### Work item
Below is a listing with pictures in it; transcribe exactly the lines from the one that has "An example of" through the one that has "The purpose of", and omit those pictures.

### Supplied data
■ ■ ■ ■

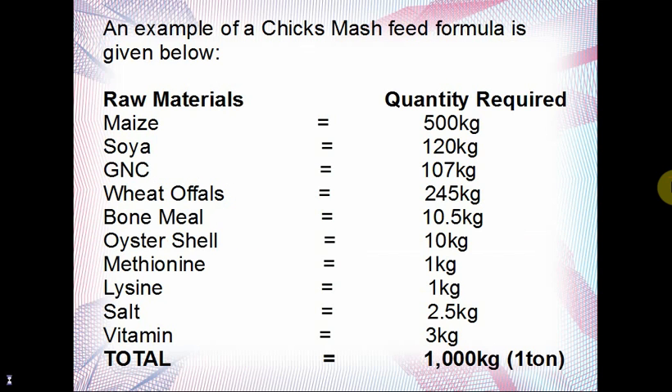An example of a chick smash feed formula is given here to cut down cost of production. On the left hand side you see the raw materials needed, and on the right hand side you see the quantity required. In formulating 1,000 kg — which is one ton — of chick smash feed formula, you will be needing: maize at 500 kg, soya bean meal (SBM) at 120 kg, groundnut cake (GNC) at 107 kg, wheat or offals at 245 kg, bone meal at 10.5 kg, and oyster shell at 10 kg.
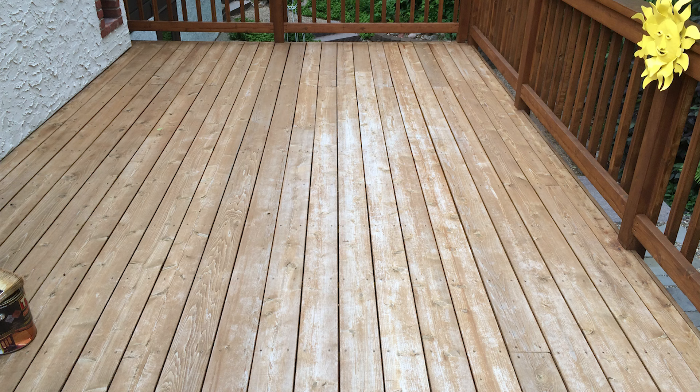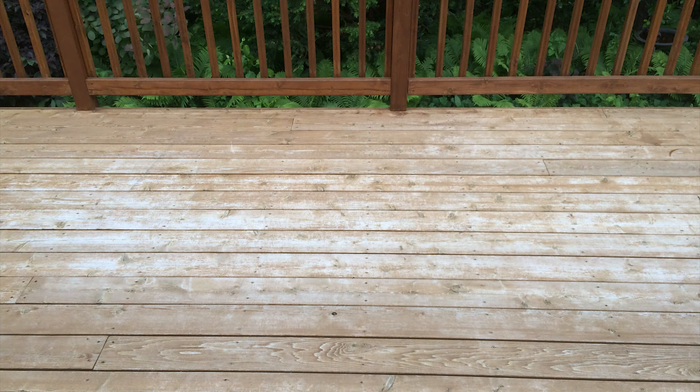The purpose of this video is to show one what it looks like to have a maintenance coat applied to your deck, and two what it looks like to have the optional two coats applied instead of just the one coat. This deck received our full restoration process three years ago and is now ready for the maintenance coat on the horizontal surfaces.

■ ■ ■ ■

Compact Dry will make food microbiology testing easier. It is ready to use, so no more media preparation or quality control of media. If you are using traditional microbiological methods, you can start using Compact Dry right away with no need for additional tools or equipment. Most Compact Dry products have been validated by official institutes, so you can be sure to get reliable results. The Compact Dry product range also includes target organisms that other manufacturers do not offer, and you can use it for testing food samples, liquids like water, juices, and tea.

■ ■ ■ ■

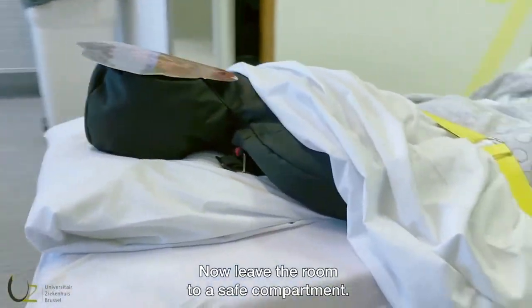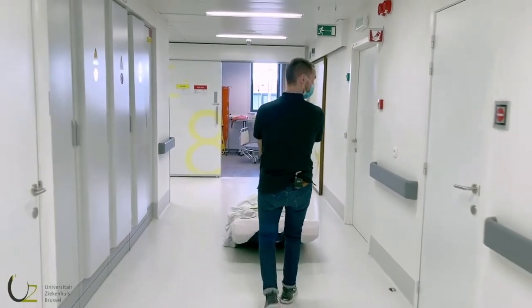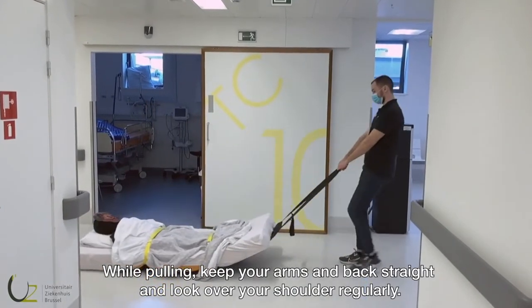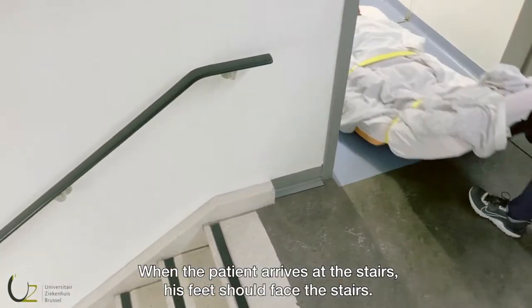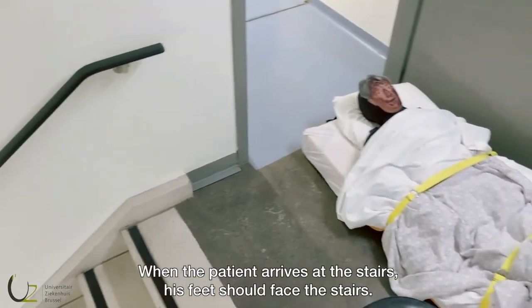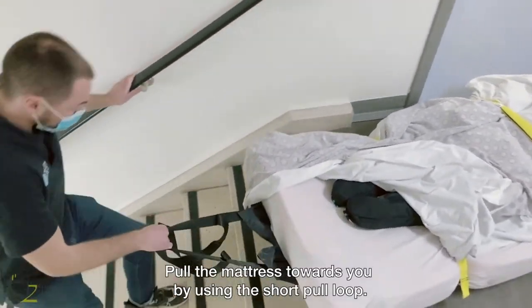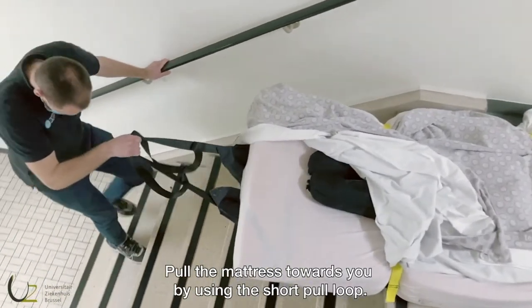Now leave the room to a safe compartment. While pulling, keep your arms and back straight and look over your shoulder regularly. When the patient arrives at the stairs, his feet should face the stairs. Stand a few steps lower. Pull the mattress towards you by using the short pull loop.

■ ■ ■ ■

### Solution to this problem
An example of a chick smash feed formula is given here to cut down cost of production. On the left hand side you see the raw materials needed, and on the right hand side you see the quantity required. In formulating 1,000 kg — which is one ton — of chick smash feed formula, you will be needing: maize at 500 kg, soya bean meal (SBM) at 120 kg, groundnut cake (GNC) at 107 kg, wheat or offals at 245 kg, bone meal at 10.5 kg, and oyster shell at 10 kg.
The purpose of this video is to show one what it looks like to have a maintenance coat applied to your deck, and two what it looks like to have the optional two coats applied instead of just the one coat. This deck received our full restoration process three years ago and is now ready for the maintenance coat on the horizontal surfaces.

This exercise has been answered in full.